Tuesday, March 04, 2008

Lost Identities

For the first time in a long while I felt like runner: walking through the Minneapolis airport a month ago, tight for space, I laced my running shoes to a strap on my backpack. They bounced awkwardly and had to check, again and again, that they had not fallen loose, until they became an unforgettable presence to me, and, I thought, an obvious emblem to others. For what kind of person, passersby must have thought--at least in my imagination--, would care so much about shoes but a runner, someone who could not even afford to miss a day (never mind that I ran only once on that trip)? For years I had been committed so thoroughly to the sport that I felt I exuded some kind of runner's aura (or maybe it was just the gauntness of my cheeks); when I was visiting Amherst as a senior in high school, I took great pride when an athlete on the cross country team told me he has picked me out, when he saw me at a prospective students' banquet, as a runner. Form met function: I was living my athletic purpose so thoroughly that it was written in the lines of my body.

Somewhere in the last year, as long runs have given way to days off, the intensity of that aura has faded.
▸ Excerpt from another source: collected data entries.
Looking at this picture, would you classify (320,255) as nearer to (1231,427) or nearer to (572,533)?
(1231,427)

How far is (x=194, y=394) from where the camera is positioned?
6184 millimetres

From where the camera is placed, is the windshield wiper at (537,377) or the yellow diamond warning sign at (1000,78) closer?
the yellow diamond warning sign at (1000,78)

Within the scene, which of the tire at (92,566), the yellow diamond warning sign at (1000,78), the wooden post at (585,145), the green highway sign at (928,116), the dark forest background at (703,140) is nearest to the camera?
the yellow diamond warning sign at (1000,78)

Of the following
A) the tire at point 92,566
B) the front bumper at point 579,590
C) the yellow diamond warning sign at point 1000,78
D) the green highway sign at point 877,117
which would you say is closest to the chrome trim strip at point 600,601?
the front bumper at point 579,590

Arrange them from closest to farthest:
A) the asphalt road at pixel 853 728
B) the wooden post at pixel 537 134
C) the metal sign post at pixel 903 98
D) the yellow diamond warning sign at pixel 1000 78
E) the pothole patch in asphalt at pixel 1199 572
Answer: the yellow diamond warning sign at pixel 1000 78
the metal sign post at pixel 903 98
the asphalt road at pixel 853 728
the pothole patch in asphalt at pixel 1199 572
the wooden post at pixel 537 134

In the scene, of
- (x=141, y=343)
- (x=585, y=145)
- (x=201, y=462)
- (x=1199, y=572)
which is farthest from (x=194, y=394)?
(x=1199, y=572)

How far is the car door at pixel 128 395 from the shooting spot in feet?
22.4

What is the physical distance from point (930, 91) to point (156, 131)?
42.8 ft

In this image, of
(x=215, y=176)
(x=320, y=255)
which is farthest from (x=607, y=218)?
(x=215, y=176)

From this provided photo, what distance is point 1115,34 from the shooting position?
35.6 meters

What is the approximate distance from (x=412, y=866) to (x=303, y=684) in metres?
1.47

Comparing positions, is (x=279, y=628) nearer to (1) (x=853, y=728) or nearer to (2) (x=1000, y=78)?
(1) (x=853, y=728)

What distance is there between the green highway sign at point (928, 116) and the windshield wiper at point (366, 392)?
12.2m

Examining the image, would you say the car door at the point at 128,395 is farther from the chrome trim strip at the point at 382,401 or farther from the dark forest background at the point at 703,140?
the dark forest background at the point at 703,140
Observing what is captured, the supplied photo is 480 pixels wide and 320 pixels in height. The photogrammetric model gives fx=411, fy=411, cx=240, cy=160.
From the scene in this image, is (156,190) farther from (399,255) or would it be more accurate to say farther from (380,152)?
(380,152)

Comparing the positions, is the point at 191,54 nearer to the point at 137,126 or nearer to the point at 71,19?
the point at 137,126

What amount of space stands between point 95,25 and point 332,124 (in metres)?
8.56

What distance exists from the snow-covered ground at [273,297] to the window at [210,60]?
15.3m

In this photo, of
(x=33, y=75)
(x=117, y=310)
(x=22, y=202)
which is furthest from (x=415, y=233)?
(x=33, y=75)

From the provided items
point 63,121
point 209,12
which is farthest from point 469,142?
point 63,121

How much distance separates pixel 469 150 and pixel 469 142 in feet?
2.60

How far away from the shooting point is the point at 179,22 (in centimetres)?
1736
I will always run, a few miles here and there; I may even try my hand (and foot) at a few more seasons of true, two-runs-a-day fitness. But without a team at my back, it is something I will never really do again, not so completely. Sixteen-milers and quarter repeats have ascended, like too much else, into the realm of daydream and nostalgia.

And a pair of shoes, conspicuously placed, were enough to bring that all back: to live again, for a few minutes, in that treasured persona.
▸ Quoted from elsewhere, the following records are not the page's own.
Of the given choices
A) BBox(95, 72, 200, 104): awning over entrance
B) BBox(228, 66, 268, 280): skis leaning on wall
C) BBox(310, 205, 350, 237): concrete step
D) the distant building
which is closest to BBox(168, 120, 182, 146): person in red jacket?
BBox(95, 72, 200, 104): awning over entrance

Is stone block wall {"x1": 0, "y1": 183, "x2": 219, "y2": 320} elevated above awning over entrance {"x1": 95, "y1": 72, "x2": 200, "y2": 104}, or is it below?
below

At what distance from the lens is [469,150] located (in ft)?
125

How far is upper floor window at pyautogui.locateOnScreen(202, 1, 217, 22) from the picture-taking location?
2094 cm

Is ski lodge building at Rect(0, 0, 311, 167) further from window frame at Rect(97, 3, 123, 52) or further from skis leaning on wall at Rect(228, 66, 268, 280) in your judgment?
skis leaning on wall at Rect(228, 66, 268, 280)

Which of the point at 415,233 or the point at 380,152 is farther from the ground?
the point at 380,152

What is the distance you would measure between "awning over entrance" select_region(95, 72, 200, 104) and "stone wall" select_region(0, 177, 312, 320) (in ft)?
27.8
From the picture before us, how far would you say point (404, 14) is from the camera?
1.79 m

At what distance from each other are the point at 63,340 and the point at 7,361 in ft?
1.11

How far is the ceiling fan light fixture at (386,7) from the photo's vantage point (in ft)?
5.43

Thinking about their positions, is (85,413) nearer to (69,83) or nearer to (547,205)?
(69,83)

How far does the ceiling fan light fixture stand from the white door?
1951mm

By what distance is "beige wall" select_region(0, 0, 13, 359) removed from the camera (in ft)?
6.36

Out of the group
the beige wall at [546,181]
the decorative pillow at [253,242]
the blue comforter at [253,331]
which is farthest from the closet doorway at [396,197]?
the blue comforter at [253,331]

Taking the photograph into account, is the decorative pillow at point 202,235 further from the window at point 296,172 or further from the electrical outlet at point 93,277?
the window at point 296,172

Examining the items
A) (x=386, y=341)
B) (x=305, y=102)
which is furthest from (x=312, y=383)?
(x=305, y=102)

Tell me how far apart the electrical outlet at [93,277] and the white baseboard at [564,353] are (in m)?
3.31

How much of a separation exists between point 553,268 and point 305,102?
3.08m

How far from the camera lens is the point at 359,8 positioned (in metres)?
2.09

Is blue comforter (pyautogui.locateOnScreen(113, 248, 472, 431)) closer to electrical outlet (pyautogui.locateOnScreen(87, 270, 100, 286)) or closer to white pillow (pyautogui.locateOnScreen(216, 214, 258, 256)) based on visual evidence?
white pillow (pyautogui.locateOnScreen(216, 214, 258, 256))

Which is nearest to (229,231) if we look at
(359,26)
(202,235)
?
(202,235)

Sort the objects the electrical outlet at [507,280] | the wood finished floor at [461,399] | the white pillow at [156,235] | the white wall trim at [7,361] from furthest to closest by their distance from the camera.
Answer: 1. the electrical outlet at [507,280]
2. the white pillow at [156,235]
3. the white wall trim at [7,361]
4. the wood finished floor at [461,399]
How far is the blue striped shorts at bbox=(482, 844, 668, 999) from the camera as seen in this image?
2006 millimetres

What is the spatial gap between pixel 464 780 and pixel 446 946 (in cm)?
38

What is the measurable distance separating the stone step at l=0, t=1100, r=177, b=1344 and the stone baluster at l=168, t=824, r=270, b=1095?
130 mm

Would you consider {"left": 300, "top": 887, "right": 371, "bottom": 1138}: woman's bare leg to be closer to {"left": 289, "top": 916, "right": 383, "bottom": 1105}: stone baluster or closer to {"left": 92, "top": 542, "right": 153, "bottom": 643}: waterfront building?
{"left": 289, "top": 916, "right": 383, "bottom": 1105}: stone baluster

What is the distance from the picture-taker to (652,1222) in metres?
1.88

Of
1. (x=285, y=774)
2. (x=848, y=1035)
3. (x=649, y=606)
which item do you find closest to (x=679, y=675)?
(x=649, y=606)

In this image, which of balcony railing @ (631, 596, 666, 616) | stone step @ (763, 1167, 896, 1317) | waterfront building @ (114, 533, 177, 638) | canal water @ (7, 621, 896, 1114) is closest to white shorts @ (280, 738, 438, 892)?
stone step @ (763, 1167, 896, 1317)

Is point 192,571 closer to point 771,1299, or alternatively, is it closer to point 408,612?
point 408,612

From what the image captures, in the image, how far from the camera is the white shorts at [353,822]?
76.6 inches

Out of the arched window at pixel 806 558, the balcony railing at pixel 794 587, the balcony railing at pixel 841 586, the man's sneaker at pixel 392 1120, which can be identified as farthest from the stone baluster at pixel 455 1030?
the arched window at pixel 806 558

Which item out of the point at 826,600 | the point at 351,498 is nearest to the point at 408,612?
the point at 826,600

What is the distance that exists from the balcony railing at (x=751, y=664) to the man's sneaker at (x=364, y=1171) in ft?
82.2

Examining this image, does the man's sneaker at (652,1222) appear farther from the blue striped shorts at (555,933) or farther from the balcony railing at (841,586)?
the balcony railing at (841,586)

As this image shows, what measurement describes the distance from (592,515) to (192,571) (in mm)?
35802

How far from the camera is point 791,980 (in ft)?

I am now, quite possibly, on the eve of my South Dakota journey: on Monday, the final quarter begins, and with a dozen or so weekends left, I am mentally prioritizing the adventures still to complete. Hustling through the airport that day, reminded of what I had left behind, I wondered: what, in turn, would I be leaving here? When I go home--if I go home--how long could I play the cowboy, weatherbeaten and venturous, sleeping in tents and on couches, discovering the ways of the world? And, no athlete and no adventurer, what would be left of me?